After a few phone calls, the three unrelated Taylors gathered with Rhodes and LeBon and recorded "Astronaut," a 12-song collection that sounds like Duran Duran without sounding outdated, a club-ready, groove-heavy set built for 2005.

Simply reuniting for a cash-in tour a la The Eagles would have been a lot easier, but Taylor said the process of writing new music was vital to the reunion's success.

"It's not like once we all signed on there were no second thoughts; there were as many second thoughts as otherwise," Taylor said. "There was a lot of arguing and fighting, but then there were moments when we just blew our own minds. We started spending time together, started hanging out together, enjoying each other's company, writing new material together and enjoying that process. And we just sort of dug in with each other, and nobody quit. There were so many opportunities for people to quit, and there were a lot of threats, but nobody did. I guess it has to be said that somehow what we were doing together was worthwhile, or at least better than what we were all doing on our own."
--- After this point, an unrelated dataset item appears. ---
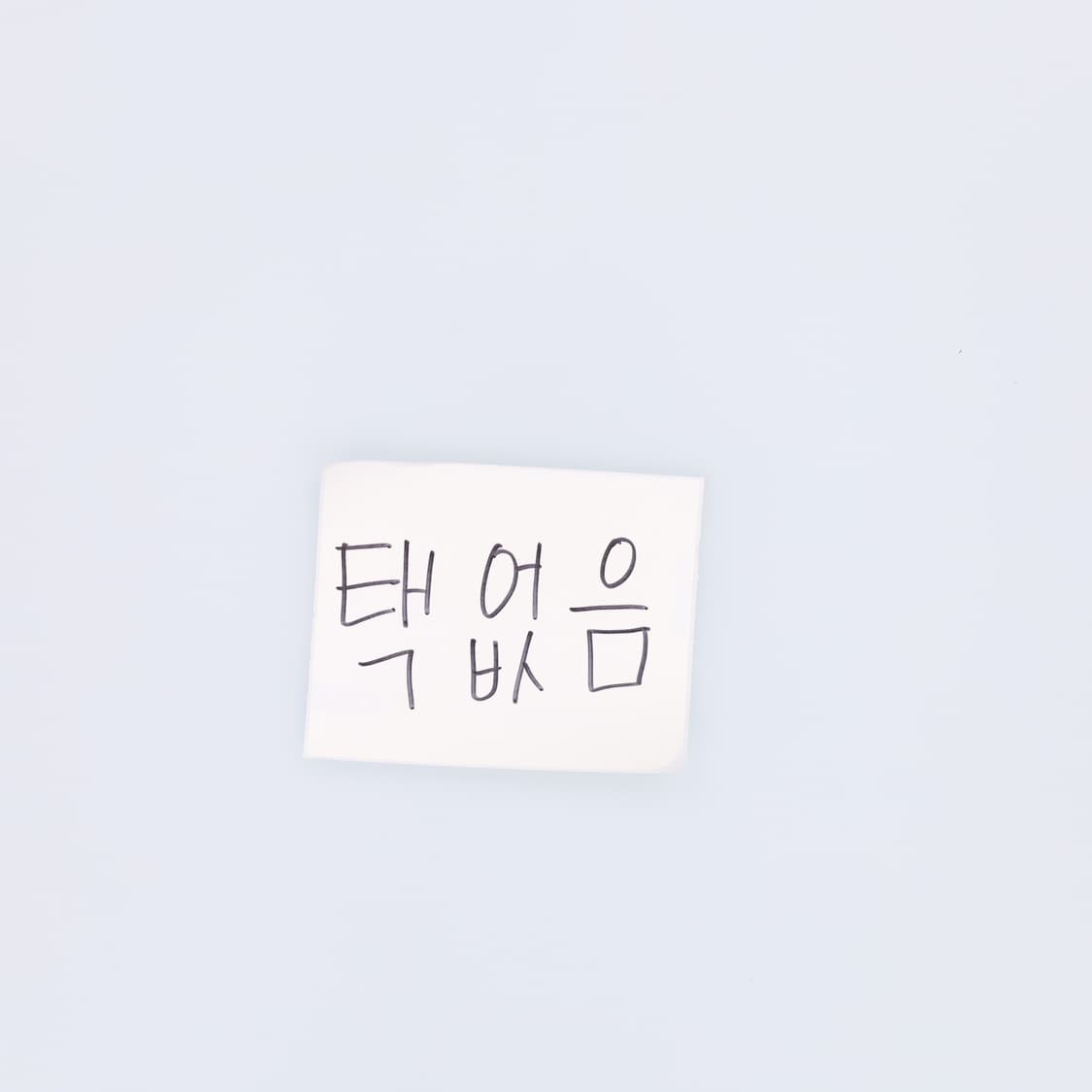 [실측확인] 고급 셔츠 남방 와이셔츠 0105J 상품이미지7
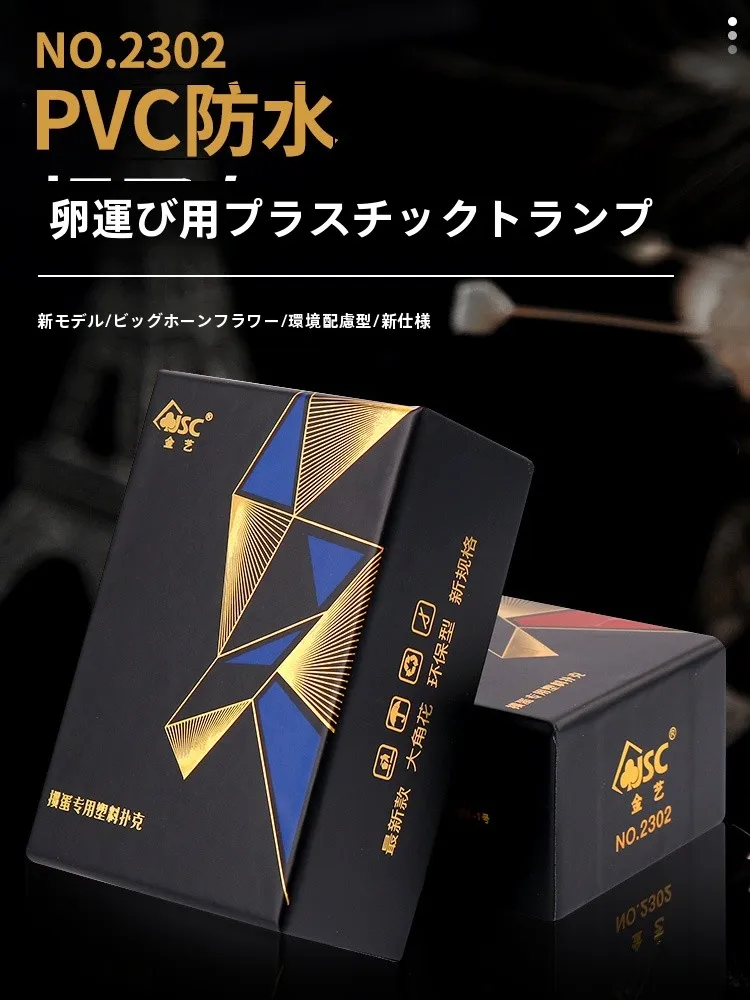 cartas-de-poker-de-plastico-pvc-de-alta-qualidade-para-uso-especial-guan-dan-jogo-de-cartas-a-prova-d'Agua-para-quatro-jogadores-amigavel-para-iniciantes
Recording an album is one thing, and selling millions of copies like the Duran Duran albums of two decades ago is quite another. "Astronaut" has been a slow-burn in terms of sales, but the U.S. tour will undoubtedly give it a bump. Taylor said the band was not expecting any miracles on its current go-round, especially considering the state of the music industry now versus the early '80s when, as Taylor puts it, Duran Duran was "the favorite pet of the record company."

"Who knows what's going to be a hit?" Taylor asked rhetorically. "Nobody's got the answers. But we've had enough over the years that we can feel reasonably good about who we are as people. I'm not going to sweat it. At the same time, I'm prepared to put my best foot forward and go out on tour for six months in the hopes that at this time next year I've got a platinum album. But it's not just going to magic itself into being. We've got a lot of work to do."
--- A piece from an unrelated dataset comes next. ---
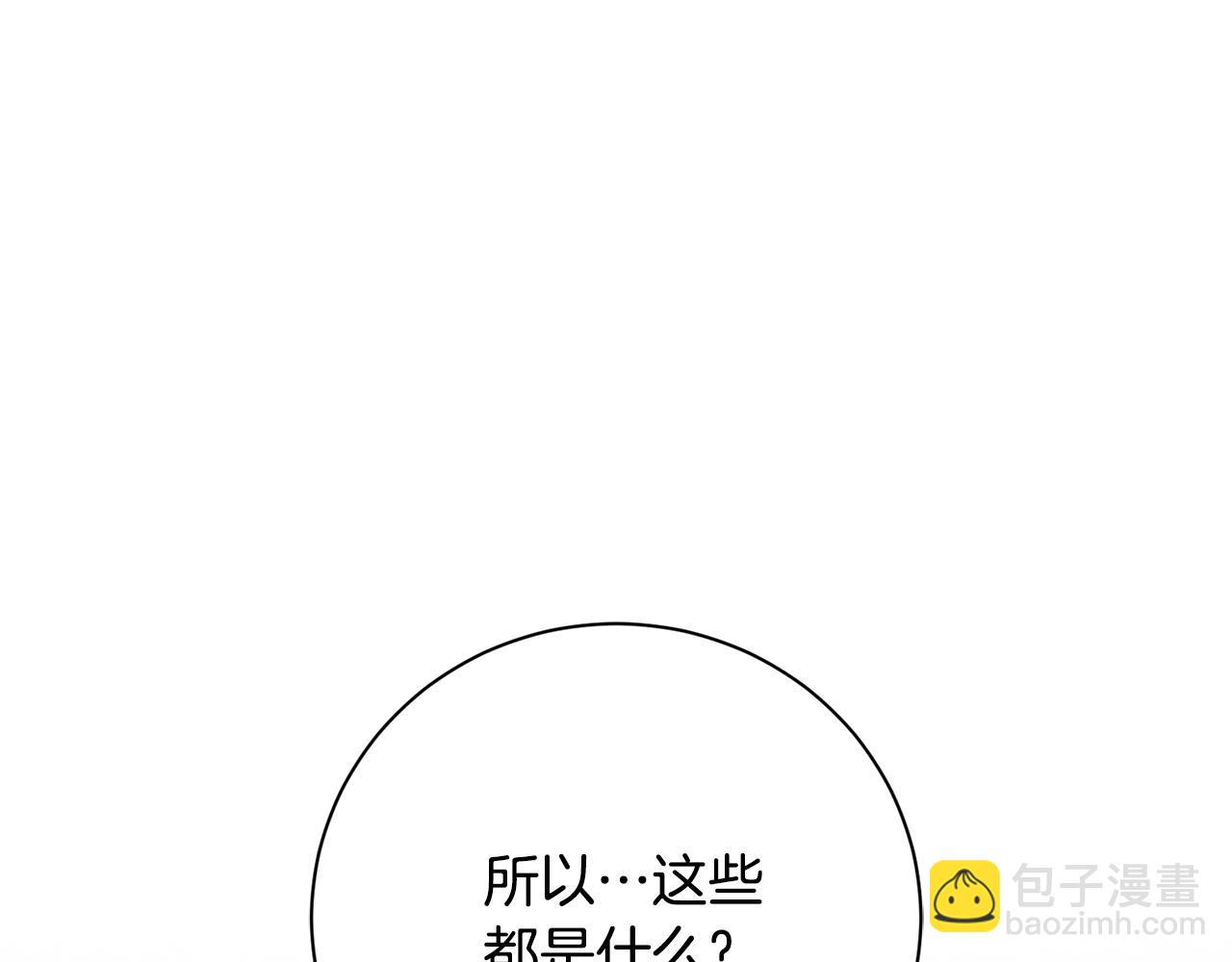 第53话 有我在(1/6)-第53话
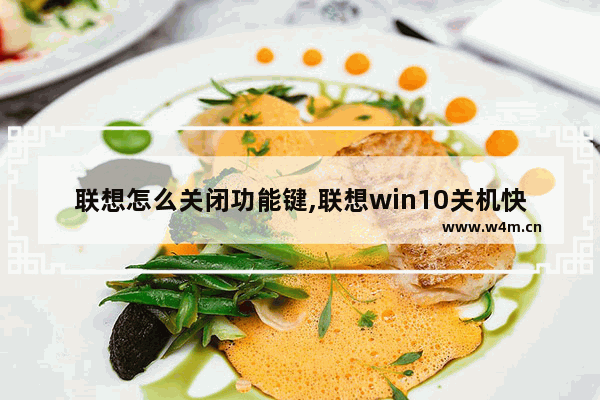 联想怎么关闭功能键,联想win10关机快捷键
For now, that work is throwing down a live show that will remind people of the impressive catalog of hits Duran Duran created over the past 25 years, from the early tracks like "Planet Earth" and "Hungry Like the Wolf" to later hits like "Come Undone" or "Notorious." Mix those classic cuts with the new work from "Astronaut" and, Taylor said, you get a show that is vital in 2005, not just a greatest-hits showcase. But those hits will be there in abundance as well.

"You don't invite people into your house and then not feed them," Taylor said. "They're here for a reason. They're here because they love 'The Reflex' and they love 'Ordinary World' and they love 'Save a Prayer' and 'Girls on Film.' But they don't love them any more than I love them."
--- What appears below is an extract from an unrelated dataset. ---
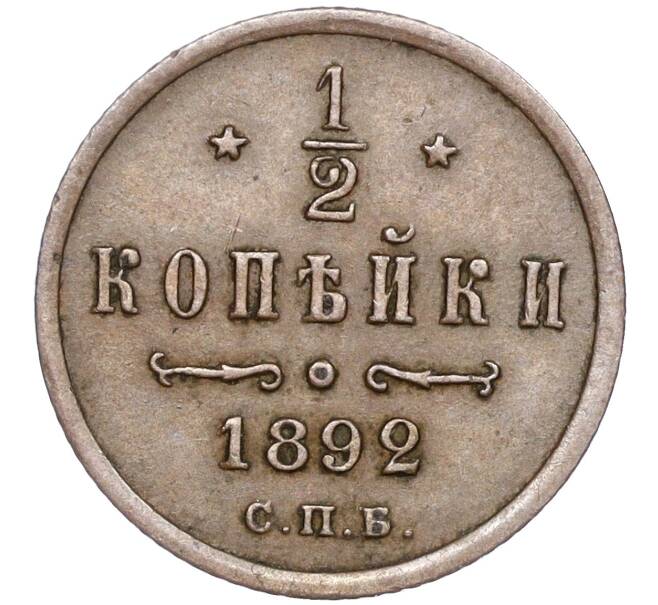 Монета 1/2 копейки 1892 года СПБ (Артикул: M1-50389) — Фото №1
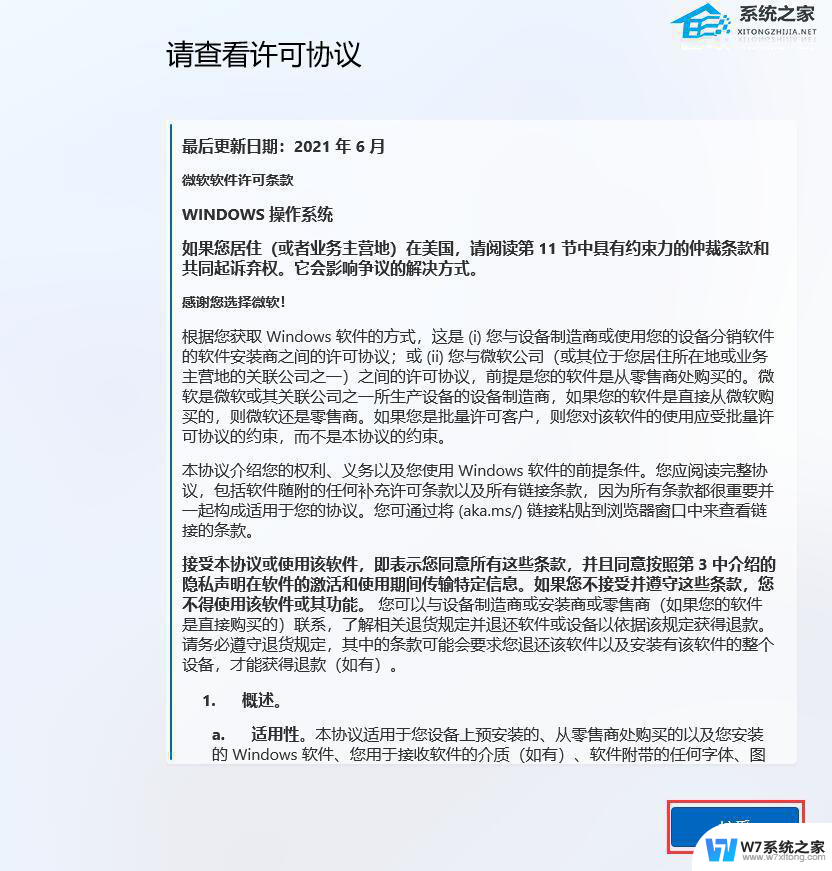 联想win11首次开机怎么跳过联网 联想Win11电脑跳过连接网络的步骤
Five Duran Duran videos to remember:

Duran Duran is arguably the ultimate music-video band, treating the three-minute promo films as an opportunity to do something artistic, shooting videos in exotic locales or using cutting edge special effects when many acts simply filmed themselves performing onstage (think Van Halen's "Jump" video). Here are five Duran Duran vids worth revisiting, all of them available on a recent DVD release of the band's greatest video hits:

1. "Girls on Film," 1981. Sexy, violent and edited to be played on MTV, it might be the best video to ever combine flash photography, naughty nurses and sumo wrestling.

2. "Rio," 1982. Splashy bright colors, gorgeous beaches and beautiful models - the template for "Miami Vice" fashion and visual style.

3. "New Moon on Monday," 1983. An over-the-top mini-drama involving something about a revolution and French mimes that was 18 minutes before its MTV edit.

4. "Wild Boys," 1984. Singer LeBon almost drowned during the filming of this campy sci-fi monstrosity.

5. "A View to a Kill," 1985. The original lineup's final song before re-forming last year, the video for this James Bond theme was filmed at the Eiffel Tower and let the boys play spy for a few minutes.